**What to do:** The expected result is the full listing, retyped exactly, without a single picture.

**Data section:**
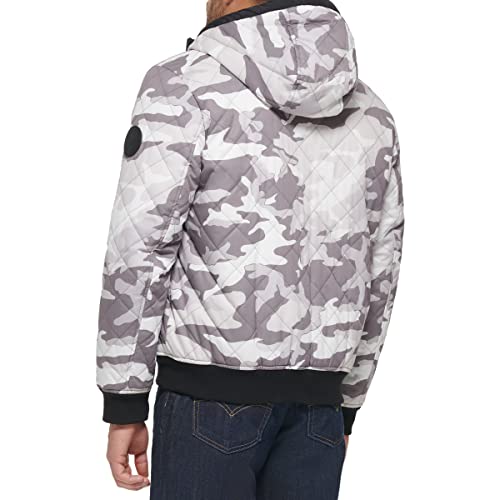 Image of LEVI'S Men's Levi's Men's Diamond Quilted Sherpa Lined Bomber Jacket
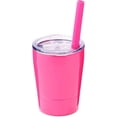 thumbnail image 1 of Vaso de acero inoxidable para niños, bonito vaso pequeño con tapa y pajita de silicona, 1 of 6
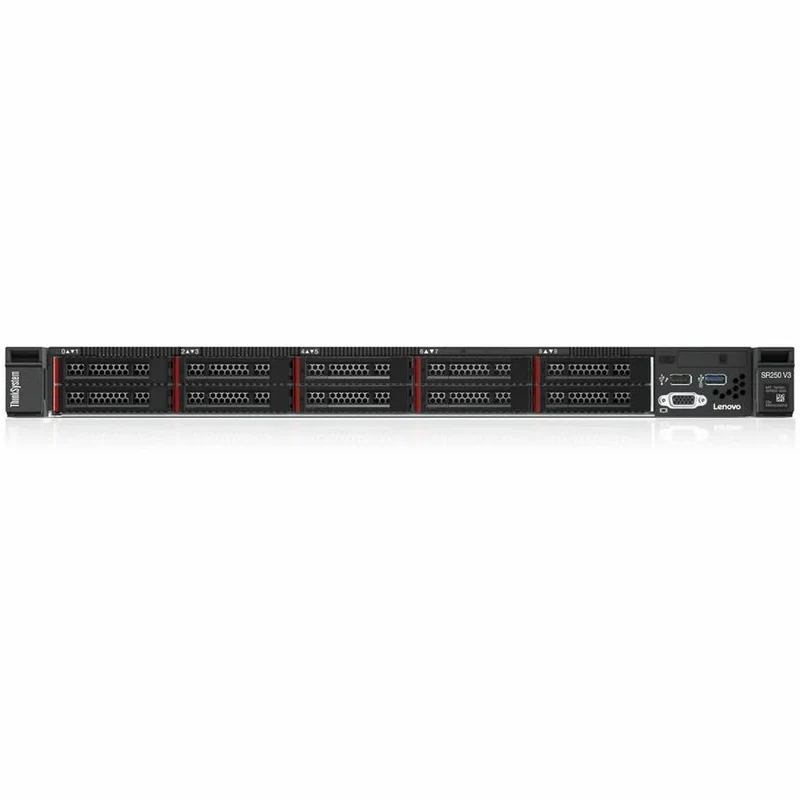 Serveur rack 250U Lenovo ThinkSystem SR3 V7 1001DCL1NA - 1 x Intel Xeon E-2478 2.80 GHz - 32 Go de RAM - 6.72 To SSD - (2 x 480 Go, 3 x 1.92 To) Configuration SSD - Contrôleur Serial ATA 7DCL1001NA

**Solution for this exercise:**
 Image of LEVI'S Men's Levi's Men's Diamond Quilted Sherpa Lined Bomber Jacket
 thumbnail image 1 of Vaso de acero inoxidable para niños, bonito vaso pequeño con tapa y pajita de silicona, 1 of 6
 Serveur rack 250U Lenovo ThinkSystem SR3 V7 1001DCL1NA - 1 x Intel Xeon E-2478 2.80 GHz - 32 Go de RAM - 6.72 To SSD - (2 x 480 Go, 3 x 1.92 To) Configuration SSD - Contrôleur Serial ATA 7DCL1001NA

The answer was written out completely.